Whilst there is sufficient global capital to rapidly reduce greenhouse gas emissions if existing barriers are reduced, governments, through public funding and clear signals to investors, are key in reducing these barriers. The UN rather pointed noted that governments had previously agreed to act to avoid global temperature rise going above 1.5C, but the world has already warmed by 1.1C and now say that it is likely to breach 1.5C in the 2030s.
Guterres called on governments to tackle the “time bomb” through the Climate Solidarity Pact that the UN has proposed to the G20 in which all big emitters make extra efforts to cut emissions and wealthier countries mobilise financial and technical resources to support emerging economies in a common effort to keep the goal of 1.5C alive.
Further he has presented a plan to “super-charge” efforts to achieve this Climate Solidarity Pact through an “all-hands-on-deck” Acceleration Agenda, starting with accelerating the net-zero deadlines to get to global net-zero by 2050, in line with the principle of common but differentiated responsibilities and respective capabilities, in light of different national circumstances.
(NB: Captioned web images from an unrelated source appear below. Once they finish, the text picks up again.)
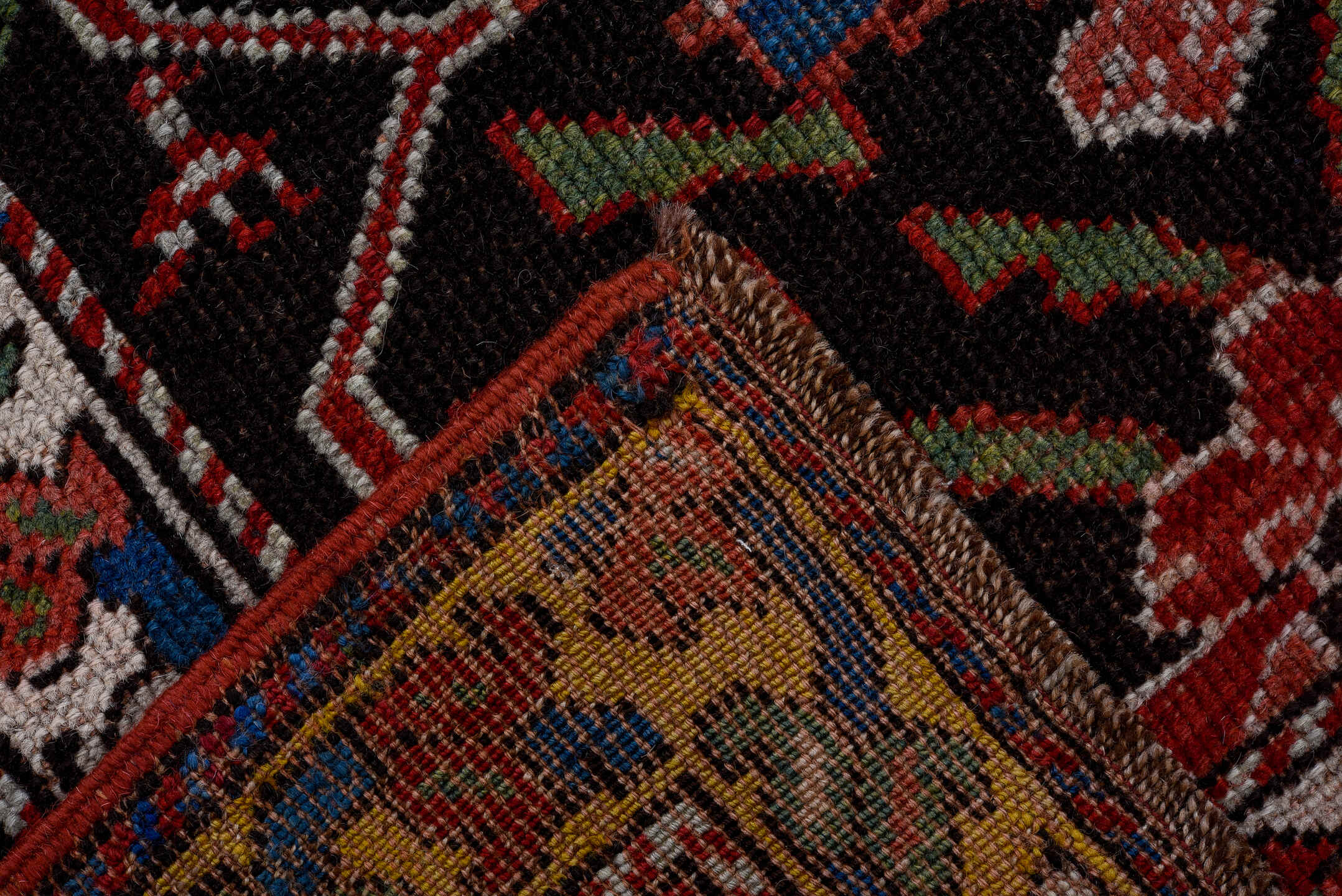 3' x 10' one-of-a-kind handmade vintage Karabagh runner rug. Color palette: black, crimson, ivory, gold, blue, rose, olive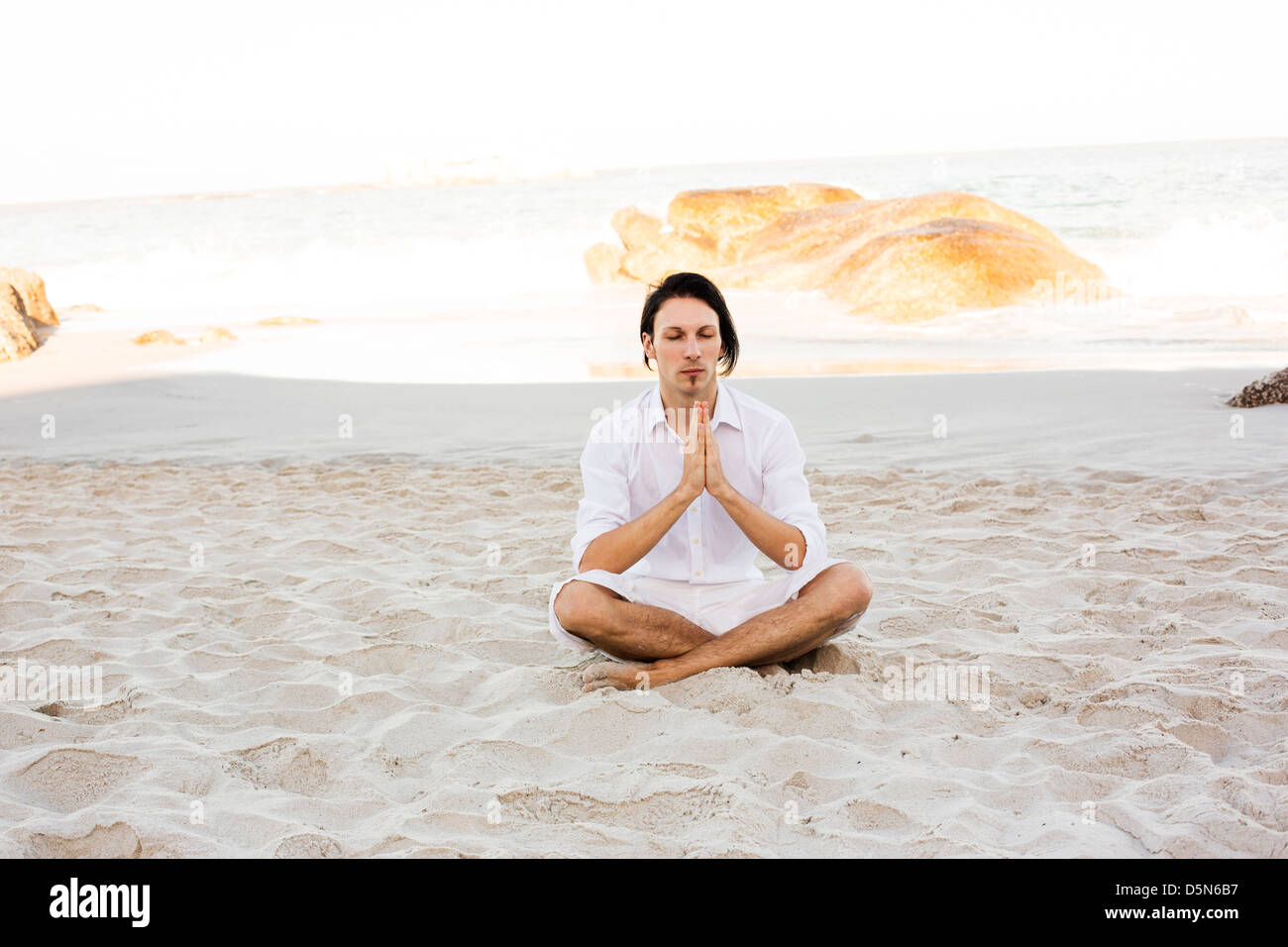 Man Meditating on Beach Stock Photo - Alamy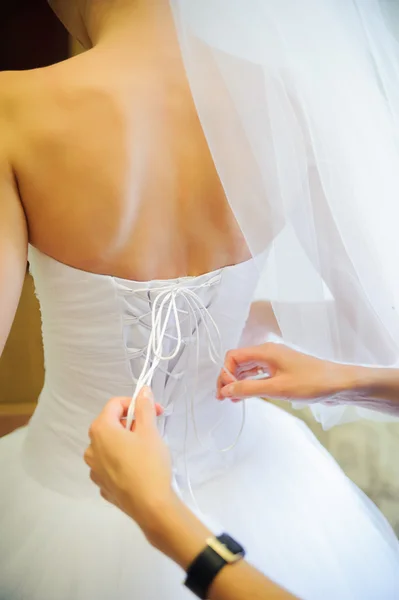 Bride getting dressed — Stock Photo, Image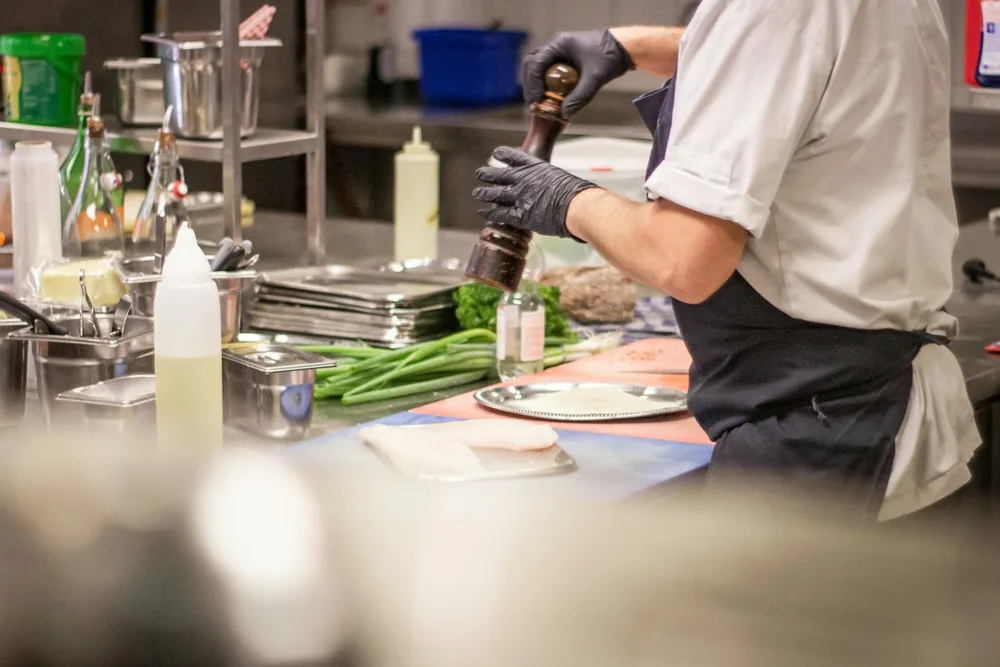 Cuisinier en tenue noire dressant des plats dans une cuisine professionnelle
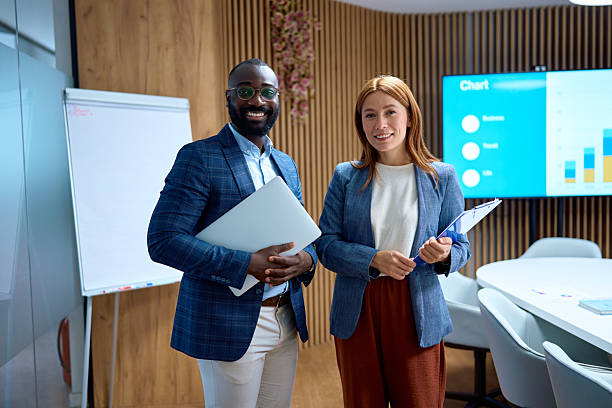 istock Diverse business professionals smiling in modern office meeting room 2240545009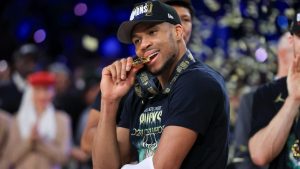 Milwaukee Bucks forward Giannis Antetokounmpo (34) bites his NBA Cup medal after his team's victory in the championship game of the NBA Cup basketball tournament against the Oklahoma City Thunder Tuesday, Dec. 17, 2024, in Las Vegas. (AP Photo/Ian Maule)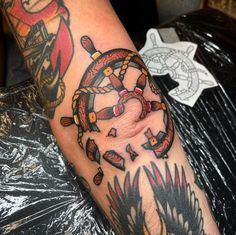 a man's arm with an anchor and ship wheel tattoo on it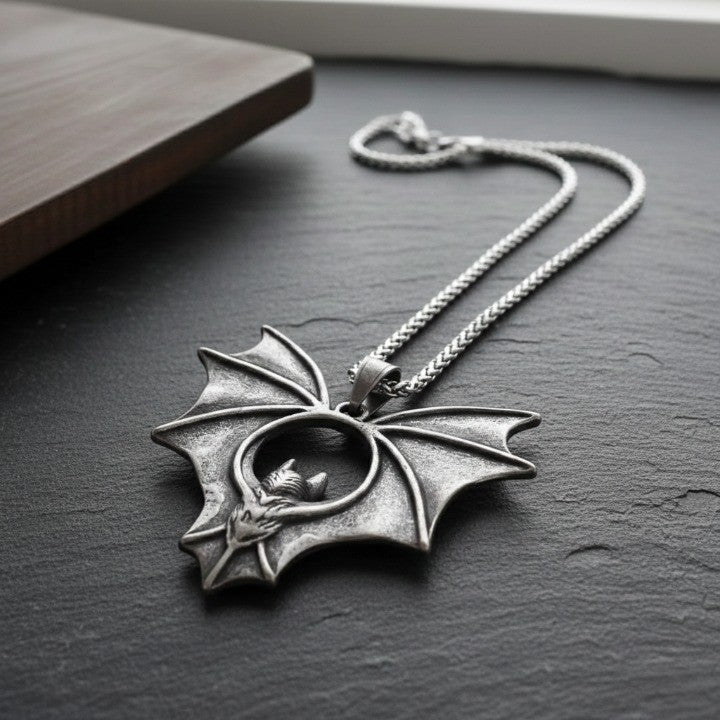 Gothic Night Bat Pendant Necklace hanging against a dark background
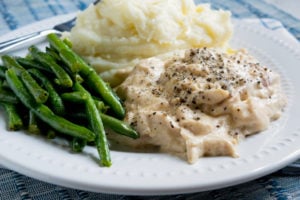 Crockpot Chicken and Gravy - Slow cooker chicken gravy served on a white plate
Specifically, he asked that developed countries commit to reaching net-zero as close as possible to 2040, the limit they should all aim to respect.
The Acceleration Agenda calls for a number of other actions including that there be no new coal; the phasing out of coal by 2030 in Organisation for Economic Co-operation and Development (OECD) countries and 2040 in all other countries; ensuring net-zero electricity generation by 2035 for all developed countries and 2040 for the rest of the world; ceasing all licensing or funding of new oil and gas and shifting subsidies from fossil fuels to a “just” energy transition.
Returning to the finance of such a change, Guterres called on CEOs of all oil and gas companies to be part of the solution and prepare detailed transition plans, banks provide more grants and concessional loans and that there is a full mobilisation of private finance.